Early this morning, a 66-car freight train derailed in a canyon close to our swimming hole. Twenty-three cars came off the tracks. Four ended up in the river. Two of them are tanker cars. Fortunately, they’re currently empty.
Accidents happen. Ships crash into piers. Trains derail. Sometimes, they blow up. A similar derailment happened nearby in 2009.
Fortunately, the train was mostly carrying wood products. Some lumber spilled and some wood chips. Thankfully, no fossil fuels—no oil, no coal, no petcoke, no tar sands crude—pollutes the Clark Fork today.
But it’s the same route that some energy companies propose to bring tens of millions of tons of coal across each year, plus hundreds of thousands of barrels of oil.
Accidents happen. In a globe-spanning industrial economy, some of them are sure to be big. If King Coal and Big Oil have their way, it’s only a matter of time before a derailment contaminates miles of the Clark Fork.

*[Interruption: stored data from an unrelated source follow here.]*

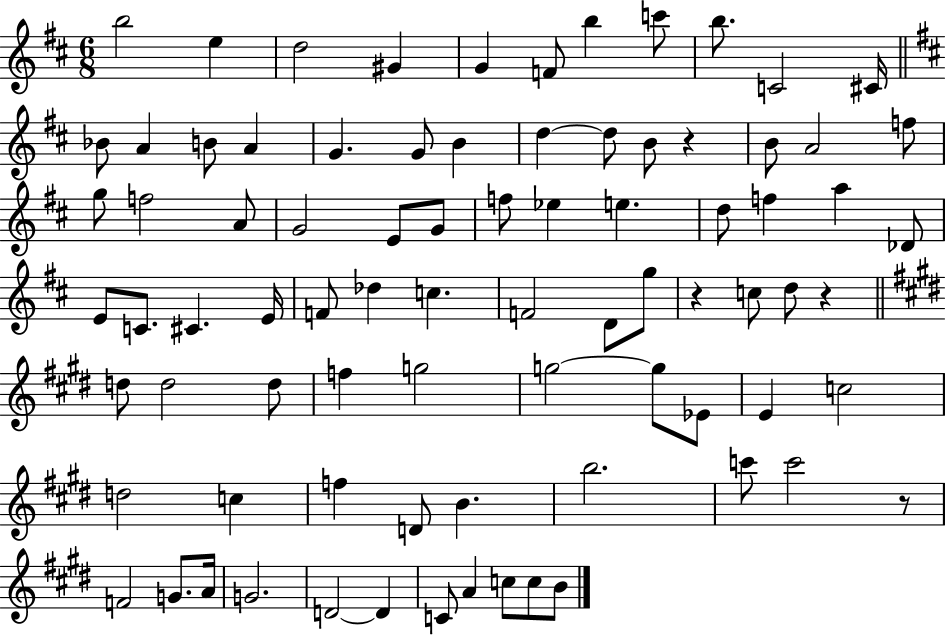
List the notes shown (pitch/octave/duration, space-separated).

B5/h E5/q D5/h G#4/q G4/q F4/e B5/q C6/e B5/e. C4/h C#4/s Bb4/e A4/q B4/e A4/q G4/q. G4/e B4/q D5/q D5/e B4/e R/q B4/e A4/h F5/e G5/e F5/h A4/e G4/h E4/e G4/e F5/e Eb5/q E5/q. D5/e F5/q A5/q Db4/e E4/e C4/e. C#4/q. E4/s F4/e Db5/q C5/q. F4/h D4/e G5/e R/q C5/e D5/e R/q D5/e D5/h D5/e F5/q G5/h G5/h G5/e Eb4/e E4/q C5/h D5/h C5/q F5/q D4/e B4/q. B5/h. C6/e C6/h R/e F4/h G4/e. A4/s G4/h. D4/h D4/q C4/e A4/q C5/e C5/e B4/e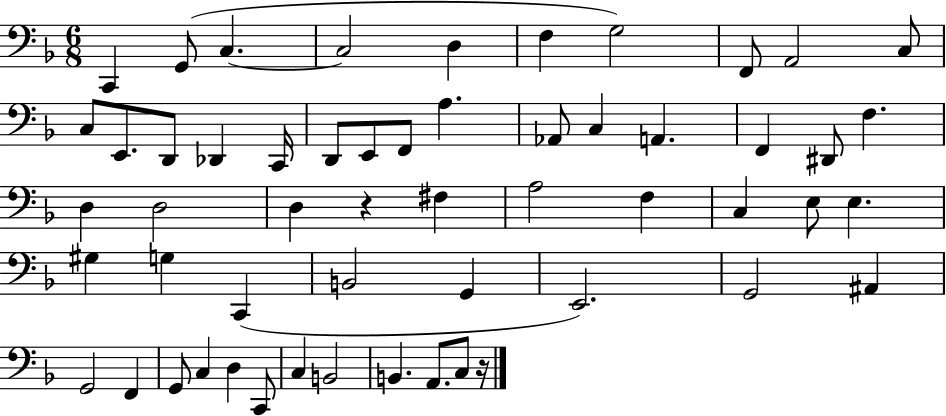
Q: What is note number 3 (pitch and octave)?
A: C3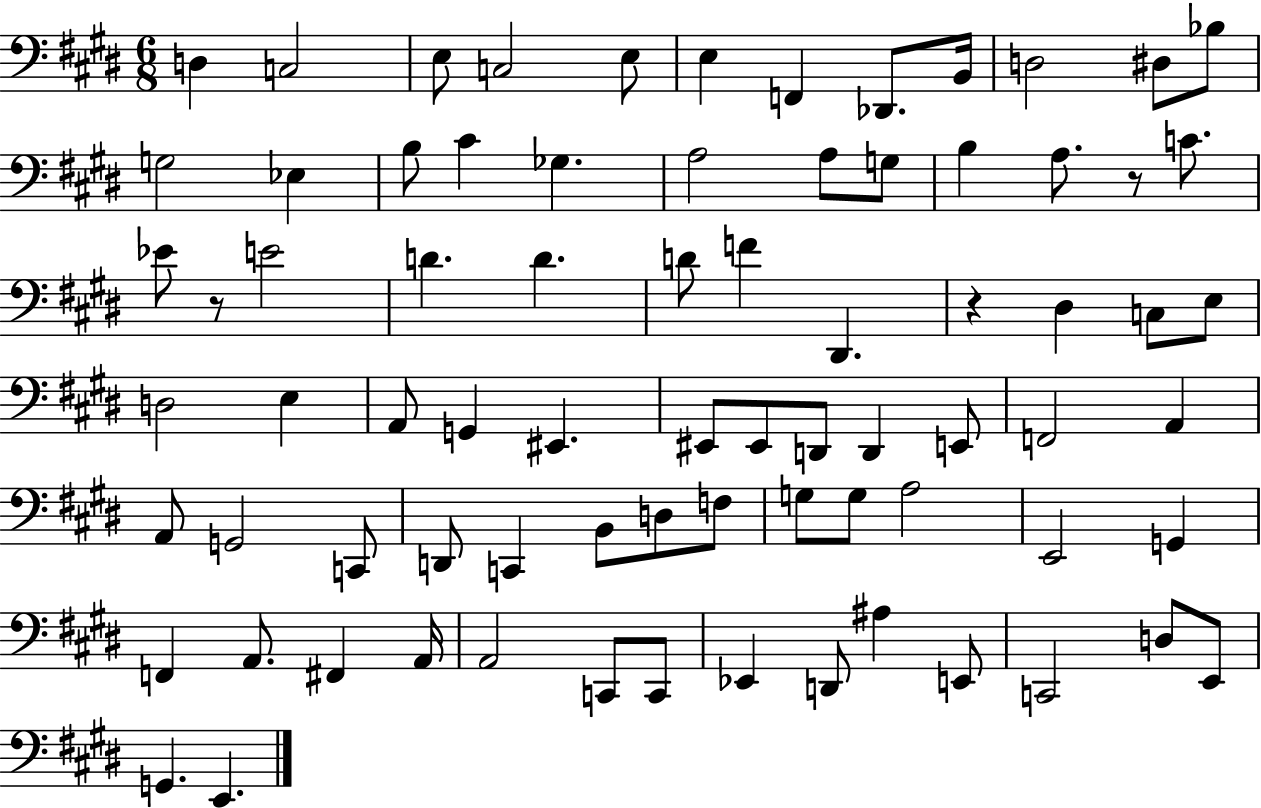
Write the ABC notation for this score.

X:1
T:Untitled
M:6/8
L:1/4
K:E
D, C,2 E,/2 C,2 E,/2 E, F,, _D,,/2 B,,/4 D,2 ^D,/2 _B,/2 G,2 _E, B,/2 ^C _G, A,2 A,/2 G,/2 B, A,/2 z/2 C/2 _E/2 z/2 E2 D D D/2 F ^D,, z ^D, C,/2 E,/2 D,2 E, A,,/2 G,, ^E,, ^E,,/2 ^E,,/2 D,,/2 D,, E,,/2 F,,2 A,, A,,/2 G,,2 C,,/2 D,,/2 C,, B,,/2 D,/2 F,/2 G,/2 G,/2 A,2 E,,2 G,, F,, A,,/2 ^F,, A,,/4 A,,2 C,,/2 C,,/2 _E,, D,,/2 ^A, E,,/2 C,,2 D,/2 E,,/2 G,, E,,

But that doesn’t have to come to pass. We don’t have to turn the Clark Fork into an export corridor for dirty fuels. It’s a lousy idea in so, so many ways. It’s not the future we northwesterners have been trying so hard to build for our place—a future worthy of our children and the journeys they have yet to take.
Matt McRae
Thank you for the report, Alan. Somehow I hadn’t heard about the derailment…and upon a little searching, find out that’s not the first time this rail on this river has proven faulty… http://www.epa.gov/osweroe1/docs/oil/fss/fss04/nakad_04.pdf
..a 1999 spill put somewhere over 7500 gallons of asphalt and a few other delights directly into the river…. Crikey.
Cherie Garcelon
We live across from the railroad tracks in Arlee, MT. We used to have just intermittent rail traffic, now we have all of the trains with the empty coal cars coming by. The longest I counted was 121 cars not counting the engines. Luckily, at this time the full trains don’t come through our town, I think it has something to do with the passes on the way, but we do get the empty ones day and night. Breaks my heart to think of all of that coal going west to be burned and add to our climate problems.
Charmaine Slaven
I grew up around the Clark Fork river, swimming, fishing, boating… I’m so glad this particular derailment didn’t contain petroleum products, but scary to think of what could happen if it did!